A watershed district news release says the Minnesota Legislature approved the grant from the Lessard-Sams Outdoor Heritage Council. The funds help put a carp-management plan into effect. It is part of a 10-year effort to improve water quality and wildlife habitat in the subwatershed of Six Mile Creek and Halsted Bay.
“The MCWD is focusing on carp first because of the damage they cause to our lakes,” the news release states. “Common carp uproot plants and stir up lake bottoms, which degrades habitat and releases nutrients that feed algae blooms.”
This summer, the watershed district will begin removing car in the subwatershed with baited box-net trapping, stream trapping, winter seining and open water seining. Plans call for implanted radio tags in carp to monitor their movement — info that helps future removals.
The grant benefits 2,488 acres of habitat, the release says.

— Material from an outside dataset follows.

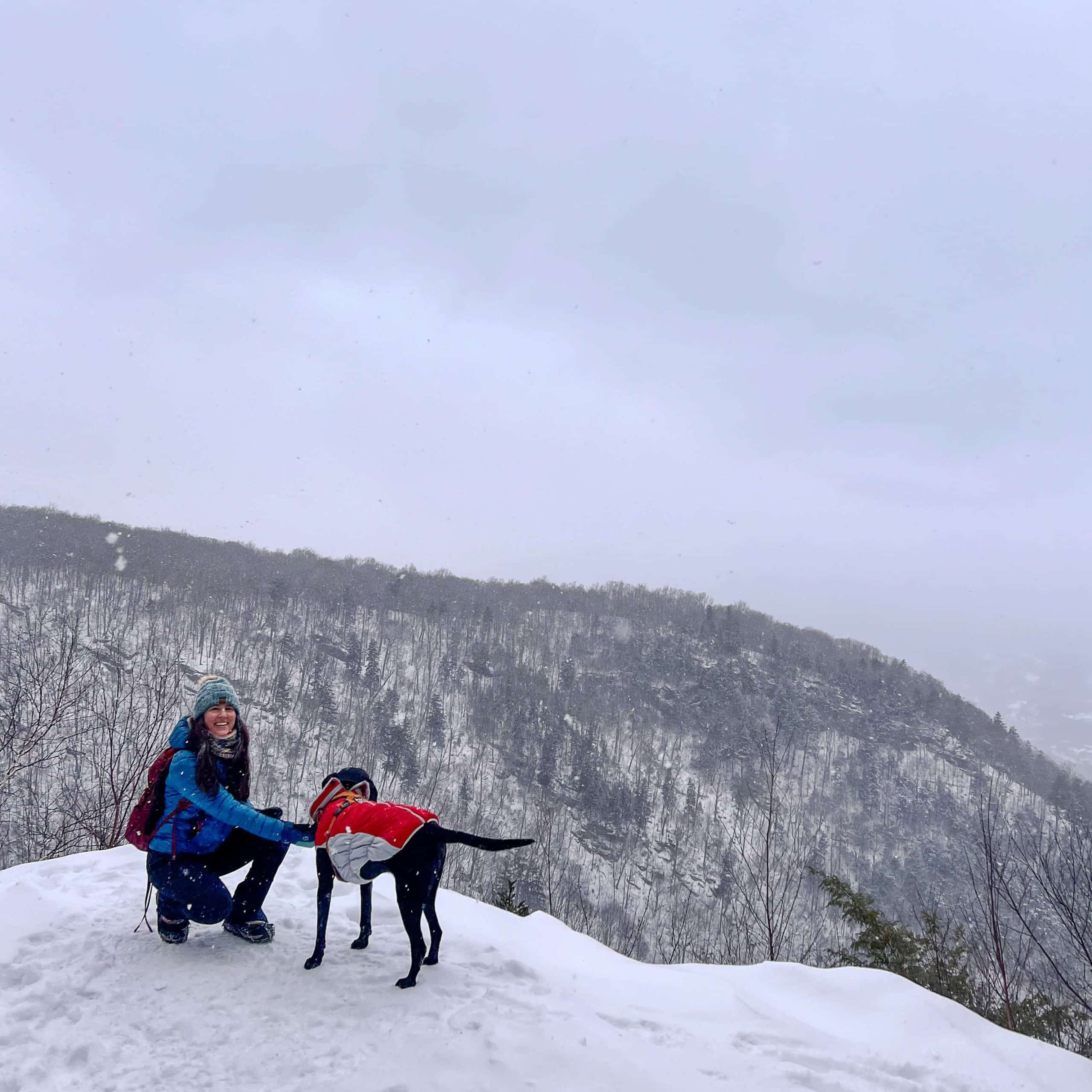 woman and black dog on snowy hike at prospect mountain in manchester vermont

“By partnering with the Lessard-Sams Outdoor Heritage Council to reduce the population of common carp, we will improve the health of the Six Mile Creek chain of lakes and downstream water bodies including Halsted Bay,” said Bill Olson, a member of the Minnehaha Creek Watershed District Board of Managers.
The carp-management plan is based on data from a three-year study by the University of Minnesota’s Aquatic Invasive Species Research Center. The research team led by Professor Peter Sorensen, assessed the number of carp in the Six Mile Creek chain of lakes, identified their spawning locations and determined their migration patterns. The findings helped shape a management strategy that includes removing adult carp, installing carp barriers, and aerating lakes to ensure the winter survival of bluegill sunfish, which feed on carp eggs.
“I was very impressed by this innovative approach to restoring fisheries and waterfowl habitat in the headwaters of Lake Minnetonka,” said Ron Schara, Lessard-Sams member. “The plan to finally control carp in the Lake Minnetonka watershed is so important. I can’t wait to see the outcome.”